Open klauspost opened 4 years ago
Ah, no you are not missing something obvious. Sorry there is not an easy way to do that right now.
I'll need to think about how to support that. PeachPy has an explicit representation of microarchitecture, where each one has a potentially different register set. Something like that could work.
Hack, that "reserves" the AVX512 registers. Maybe use while debugging only, though impact should be minimal.
// reserveExtended will reserve extended registers, but not use them.

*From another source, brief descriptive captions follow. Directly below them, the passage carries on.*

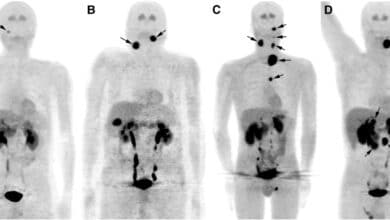 Paraganglioma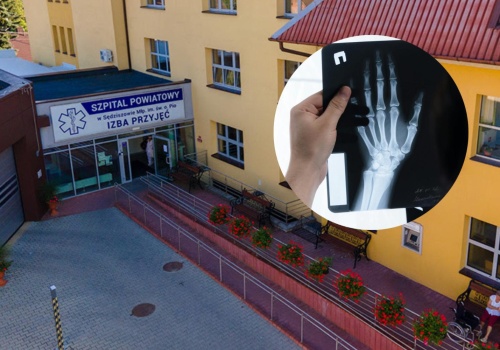 Zamieszanie ws. szpitala w Sędziszowie Małopolskim. Zwolnienia i pracownia RTG do likwidacji?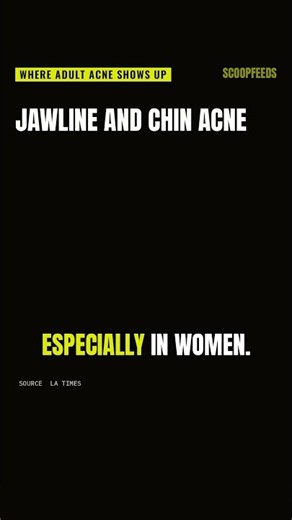 Adult acne can come back, and it can hurt your confidence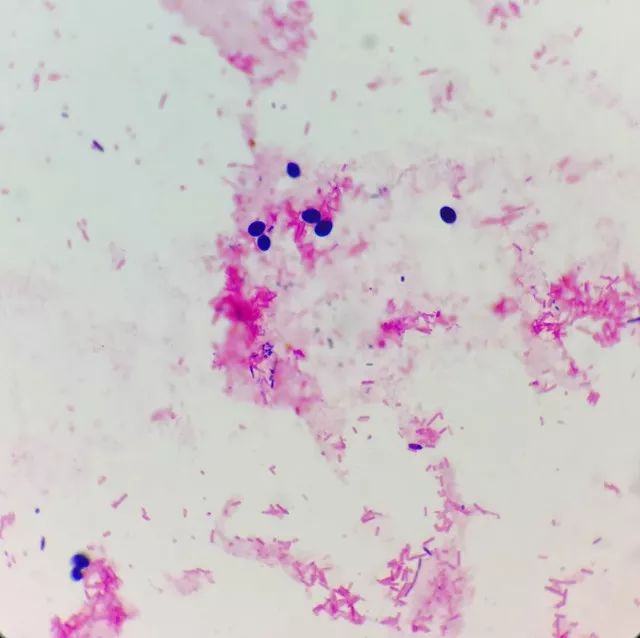 天呐,女儿大便里竟然有“霉菌”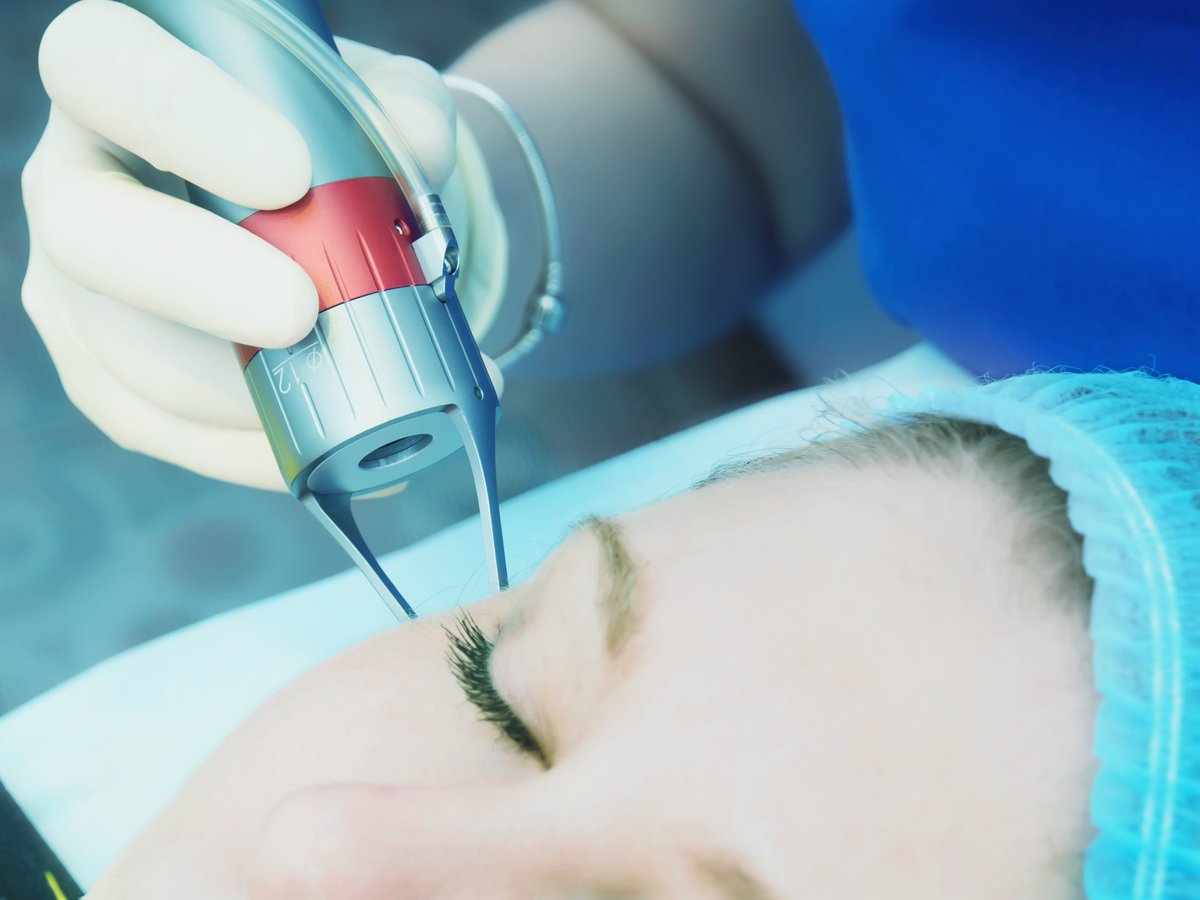 Láser CO2 fraccionado en párpados - rejuvenecimiento del contorno de ojos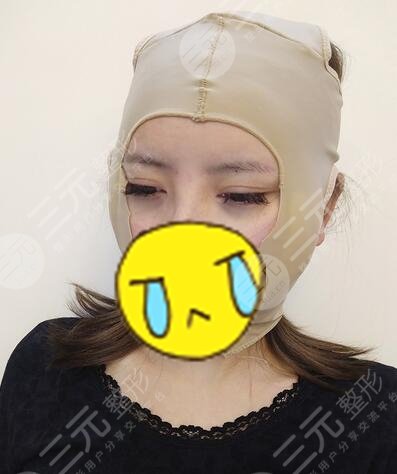 苏州磨骨案例:术后当天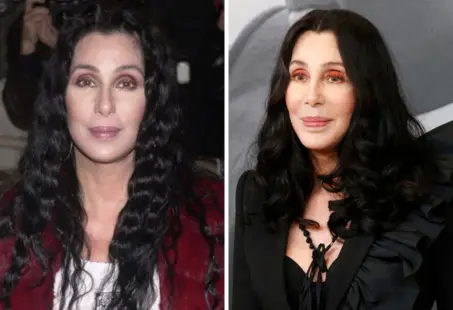 cher plastic surgery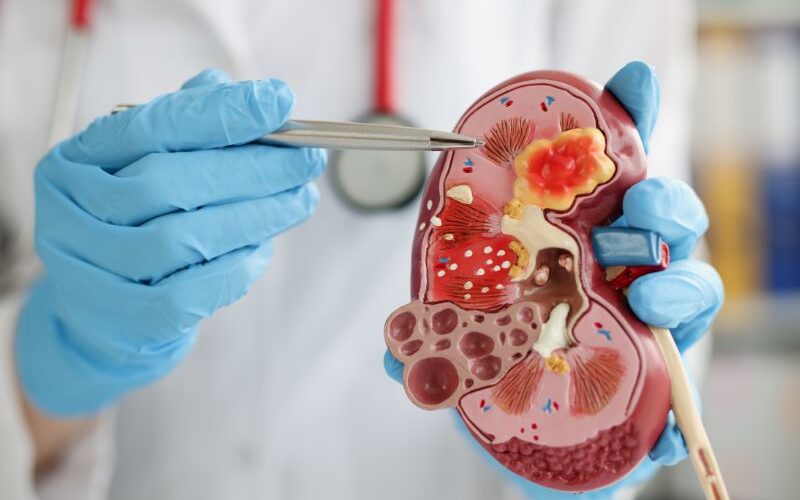 Tratamento de Cálculo Renal em Curitiba Tecnologia e Experiência com o Dr. Matheus Pupulin
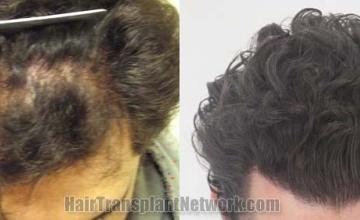 Hair restoration procedure before and after results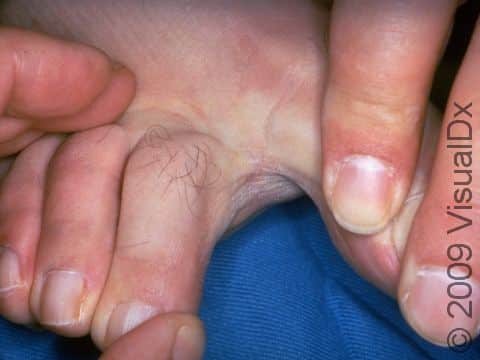 This image displays a bacterial skin infection between the toes typical of erythrasma.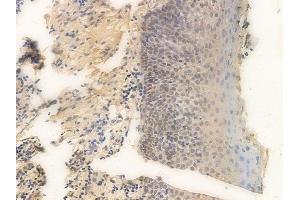 ABIN6265700 and ABIN6266665 at 1/100 staining human normal tonsil tissue by IHC-P.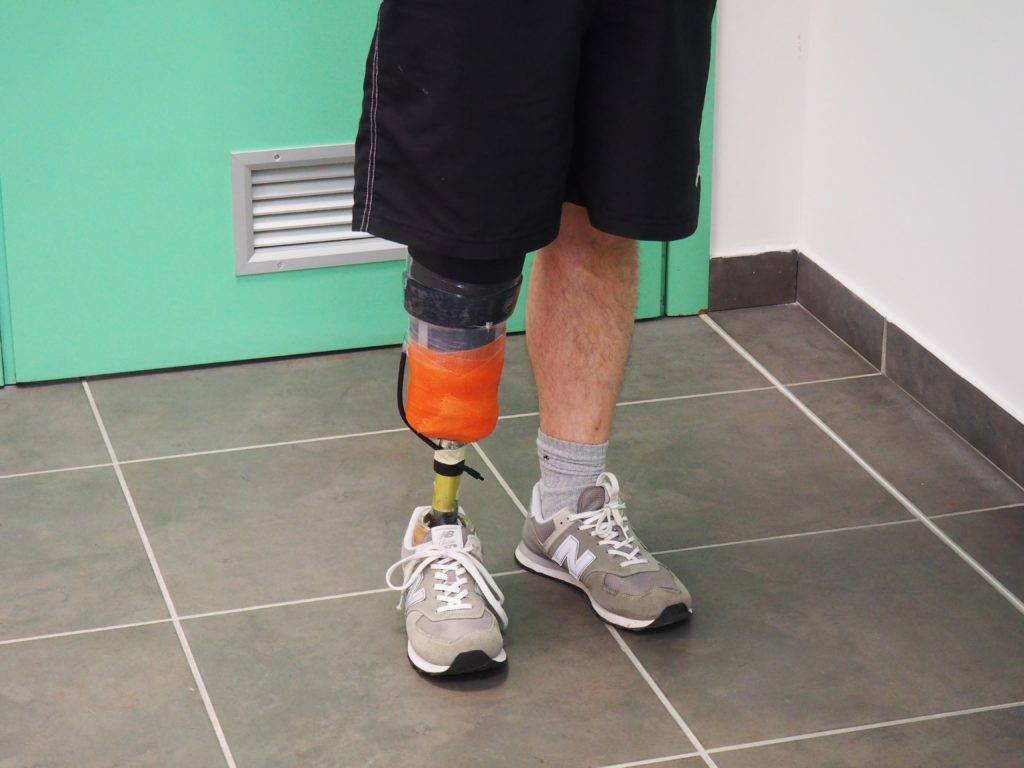 OTR Ortopedia - Ottobock - Consegna protesi arto inferiore - Protesi transfemorale a tenuta ipobarica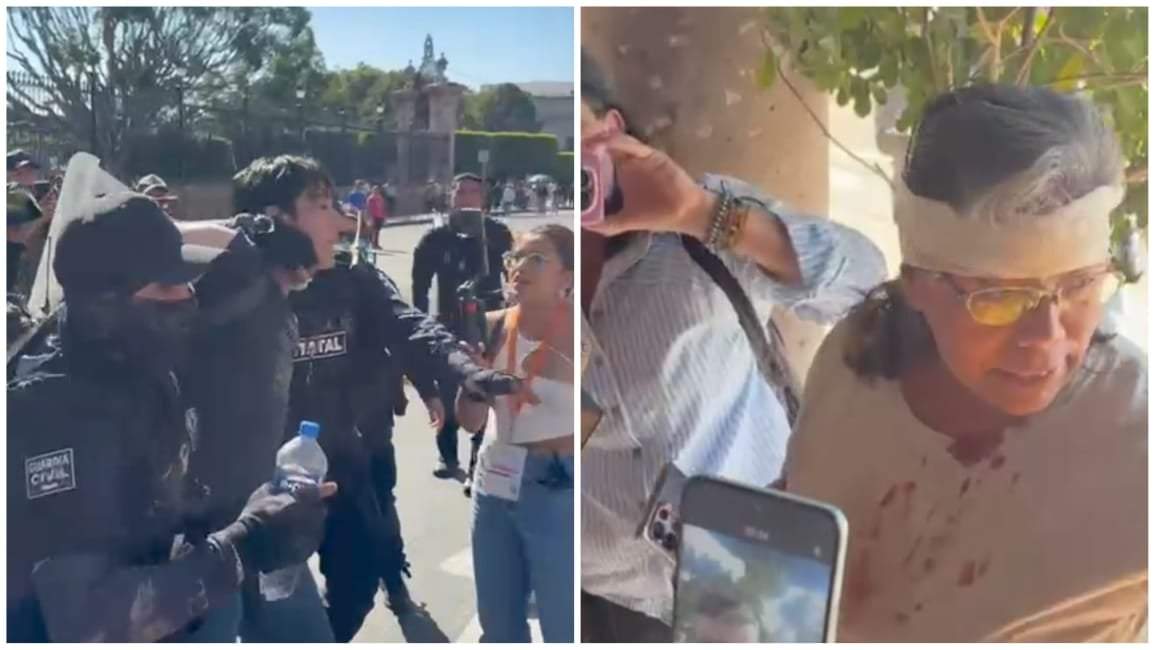 El fotógrafo Jafet Pineda, quien fue sometido, esposado y golpeado, y la periodista Liliana Jiménez Nieto, quien recibió heridas en el rostro, ambos agredidos por la Guardia Nacional estatal en la marcha de la Generación Z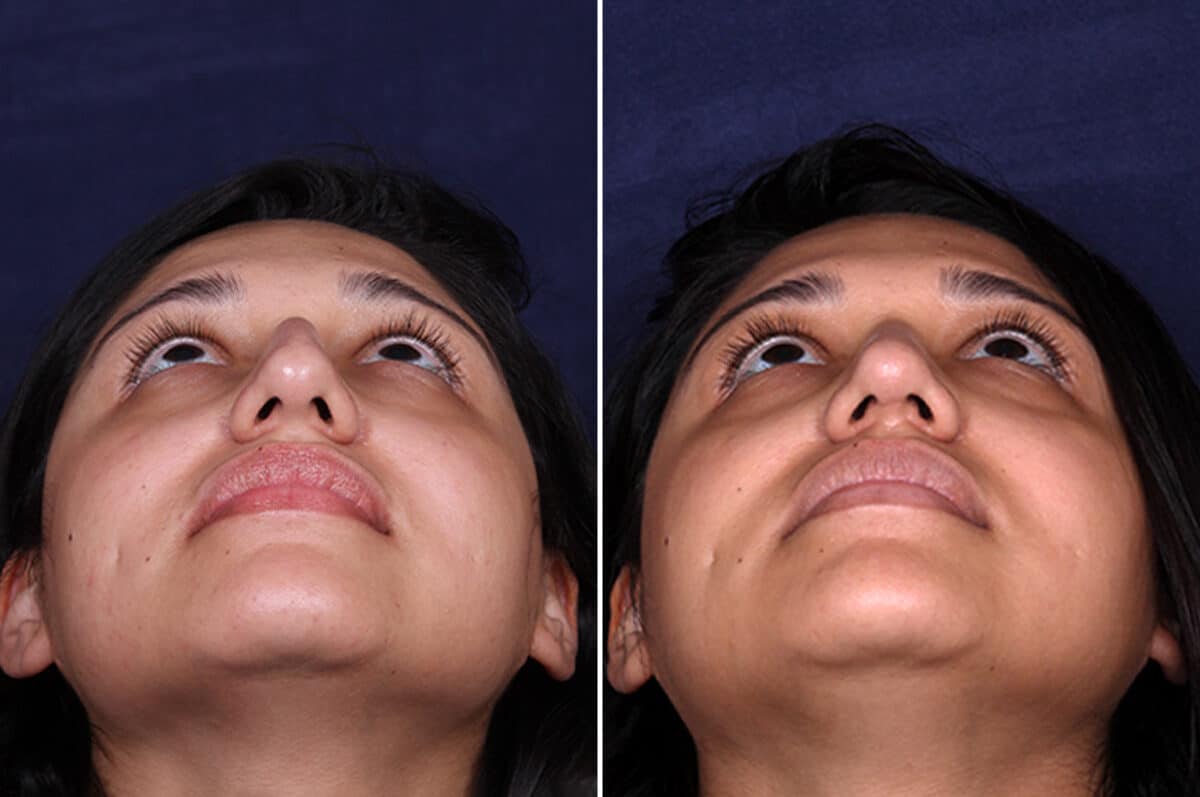 Rhinoplasty Before and After Photos in Voorhees Township, NJ, Patient 4044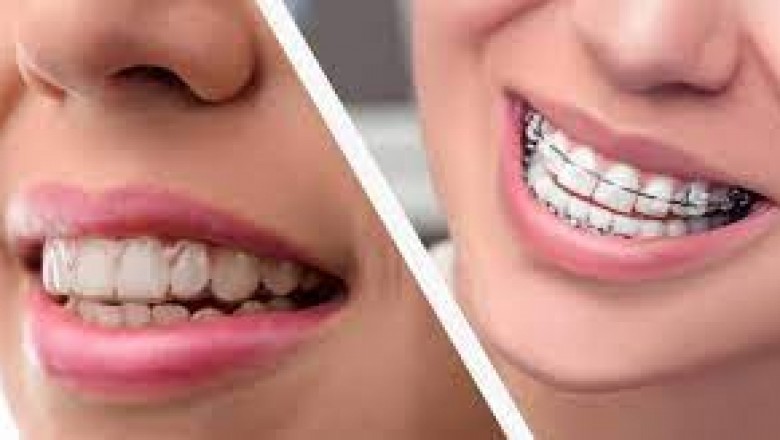 What are the different alternatives in dental braces?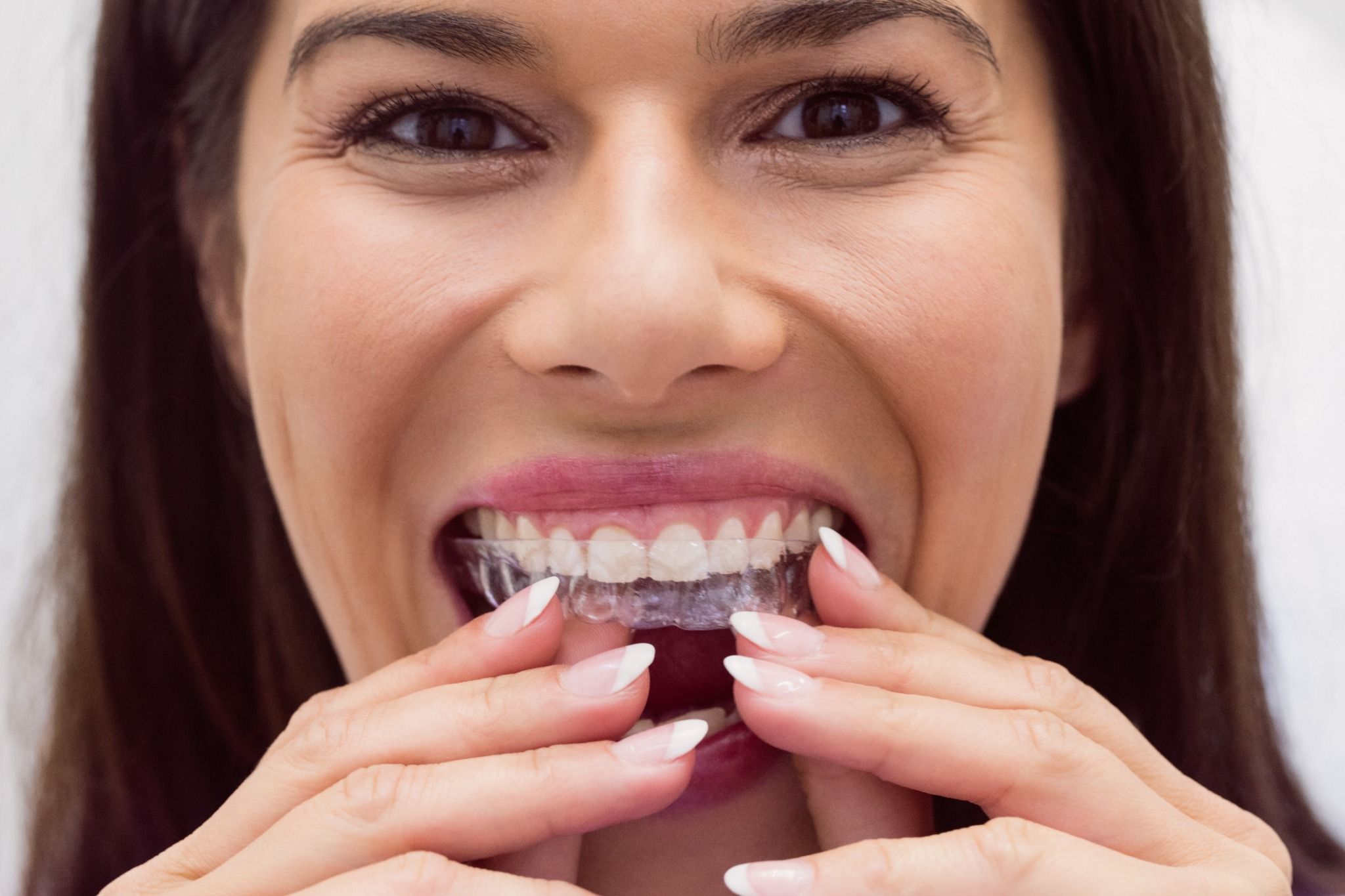 chica con invisalign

// Call at the beginning of the function and call the returned function
// just before VZEROUPPER/RET.
func reserveExtended() func() {
tmp := GP64()
XORQ(tmp, tmp)
// Always jump
JZ(LabelRef("skip_extended"))
extZMMs := []reg.VecPhysical{reg.Z16, reg.Z17, reg.Z18, reg.Z19, reg.Z20, reg.Z21, reg.Z22, reg.Z23, reg.Z24, reg.Z25, reg.Z26, reg.Z27, reg.Z28, reg.Z29, reg.Z30, reg.Z31}
for _, reg := range extZMMs {
MOVQ(tmp, reg.AsX())
}
Label("skip_extended")
return func() {
tmp := GP64()
XORQ(tmp, tmp)
// Always jump
JZ(LabelRef("skip_extended_end"))
for _, reg := range extZMMs {
MOVQ(reg.AsX(), tmp)
}
Label("skip_extended_end")
}
}
Is there any way to restrict YMM registers, so for instance AVX2 code can only use reg YMM0 -> YMM15?
Sorry if I am missing something obvious.